Mesoamerica was the region where pre-Columbian societies flourished before the Spanish colonization of the Americas in the 15th and 16th centuries and one of the six cradles of ancient civilization that arose independently. Around 7000 BCE there was the domestication of cacao, maize, beans, tomato, squash and chili, as well as the turkey and dog which facilitated the construction of agricultural villages.

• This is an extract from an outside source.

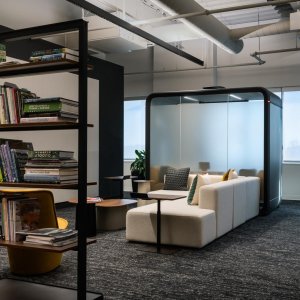 Dunkler Framery Four neben Arbeitsplätzen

Early complex civilizations included the Olmec culture in the Gulf of Mexico who traded with other cultures in Chiapas, Guatemala, and Oaxaca and laid the foundation for Mesoamerican cultural development along much of the Pacific coast. There followed the Pre-classic period, when urban polities developed among the Maya and during this period, the first true Mesoamerican writing systems arose in the Epi-Olmec and the Zapotec cultures, reaching its zenith in Classic Maya hieroglyphic script.
In Central Mexico, the height of the Classic period saw the ascendancy of the city of Teotihuacan, which formed a military and commercial empire whose political influence stretched south into the Maya area and northward. Upon the collapse of Teotihuacán around 600 CE competition between several important political centers in central Mexico – such as Xochicalco and Cholula – ensued. At this time during the Epi-Classic period, the Nahua peoples began moved south into Mesoamerica from the North, and became politically and culturally dominant in central Mexico, as they displaced speakers of Oto-Manguean languages. During the early post-Classic period, Central Mexico was dominated by the Toltec cuiture, Oaxaca by the Mixtec, and the lowland Maya area had important centers at Chichén Itzá and Mayapán. Towards the end of the post-Classic period the Aztecs of Central Mexico built a tributary empire covering most of central Mesoamerica. The distinct Mesoamerican cultural tradition ended with the Spanish conquest in the 16th century.
Mesoamerican indigenous cultures were gradually subjected to Spanish colonial rule. Aspects of the indigenous culture still survive as ancestral languages and practices.
Trade networks exchanged obsidian, jade, cacao, cinnabar, Spondylus shells, hematite, and ceramics. Though aware of the wheel and metallurgy these were not regarded as important. Mesoamerica is one of only three regions of the world where writing is known to have independently developed (the others being ancient Sumer and China). Social stratification, complex religious traditions, vigesimal numeric system, complex calendar.